最开始入坑的时候使用的是caffe,前一段时间换了使用主流框架的keras(Tensorflow as backward),但是keras确实封装得太好了,一个高级的API对于我这种编程渣渣来说反而上手有些不习惯,在写了一段时间的代码以后开始使用pytorch(反正老板要求了两个框架都要熟练那就都学啦),对于源码部分确实友好了很多,尽管需要自己定义前向过程但是也很简单啦~
先给两个github上非常友好的tutorials(如果觉得官方文档看着上手太慢了的话):
https://github.com/SherlockLiao/pytorch-beginner
https://github.com/hunkim/PyTorchZeroToAll
官方参考资料:
https://pytorch-cn.readthedocs.io/zh/latest/torchvision/torchvision-datasets/#torchvisiondatasets
http://pytorch.org/tutorials/beginner/data_loading_tutorial.html
**
一、训练torchvision自带数据集:
**
搭建网络、训练torchvision里面自带的数据集都是easy stuff,这个tutorials尽量记录我在实际代码中遇到的稍微要费点儿精力的事情。
首先是如何训练数据集,如果训练torchvision里自带的数据集非常简单,只需要使用torchvision.datasets直接进行读取,再实例化torch.utils.data.DataLoader(规定好batch_size以及是否进行shuffle),在训练时使用enumerate枚举函数导入数据,也可以用以下代码查看是否导入数据成功显示图片:
for i, data in enumerate(dataLoader, 0):
print(data[i][0])
# PIL
img = transforms.ToPILImage()(data[i][0])
img.show()
break
完整的代码如下:
import torch
from torch import nn, optim
import torch.nn.functional as F
from torch.autograd import Variable
from torch.utils.data import DataLoader
from torchvision import transforms
from torchvision import datasets
from logger import Logger
# 定义超参数
batch_size = 128
learning_rate = 1e-2
num_epoches = 20
def to_np(x):
return x.cpu().data.numpy()
# download datasets
train_dataset = datasets.CIFAR10(
root='./cifar_data', train=True, transform=transforms.ToTensor(), download=True)
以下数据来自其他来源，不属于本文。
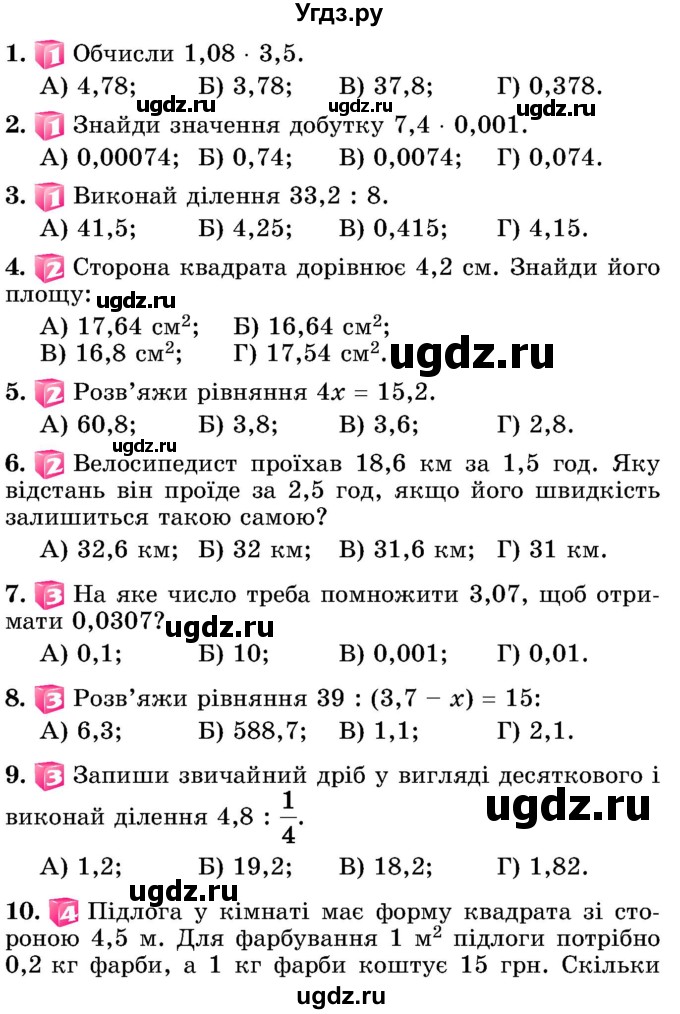 ГДЗ (Учебник) по математике 5 класс Истер О.С. / самостійна робота номер / 8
test_dataset = datasets.CIFAR10(
root='./cifar_data', train=False, transform=transforms.ToTensor())
train_loader = DataLoader(train_dataset, batch_size=batch_size, shuffle=True)
test_loader = DataLoader(test_dataset, batch_size=batch_size, shuffle=False)
#define model
class slice_ssc(nn.Module):
def __init__(self,in_channel,n_class):
super(slice_ssc,self).__init__()
self.conv1 = nn.Sequential(
nn.Conv2d(in_channel,32,3,1,1),
nn.ReLU(True),
nn.MaxPool2d(2))
self.conv2 = nn.Sequential(
nn.Conv2d(32,64,3,1,1),
nn.ReLU(True),
nn.MaxPool2d(2))
self.fc = nn.Sequential(
nn.Linear(64*8*8,128),
nn.Linear(128,64),
nn.Linear(64,n_class))
def forward(self,x):
conv1_out = self.conv1(x)
conv2_out = self.conv2(conv1_out)
conv2_out = conv2_out.view(conv2_out.size(0),-1)
out = self.fc(conv2_out)
return out
model = slice_ssc(1,10)
print model
use_gpu = torch.cuda.is_available() # 判断是否有GPU加速
if use_gpu:
model = model.cuda()
# 定义loss和optimizer
criterion = nn.CrossEntropyLoss()
optimizer = optim.SGD(model.parameters(), lr=learning_rate)
logger = Logger('./logs')
#training
for epoch in range(num_epoches):
print 'epoch {}'.format(epoch+1)
train_loss=0.0
train_acc=0.0
#==========training============
for i,data in enumerate(train_loader,1):
img,label=data
img=img.view(img.size(0)*3,1,32,32)
label = torch.cat((label,label,label),0)
#print img.size()
#print label.size()
if use_gpu:
img = img.cuda()
label = label.cuda()
img = Variable(img)
label = Variable(label)
#forward
out = model(img)
loss = criterion(out,label)
train_loss += loss.data[0] #*label.size(0)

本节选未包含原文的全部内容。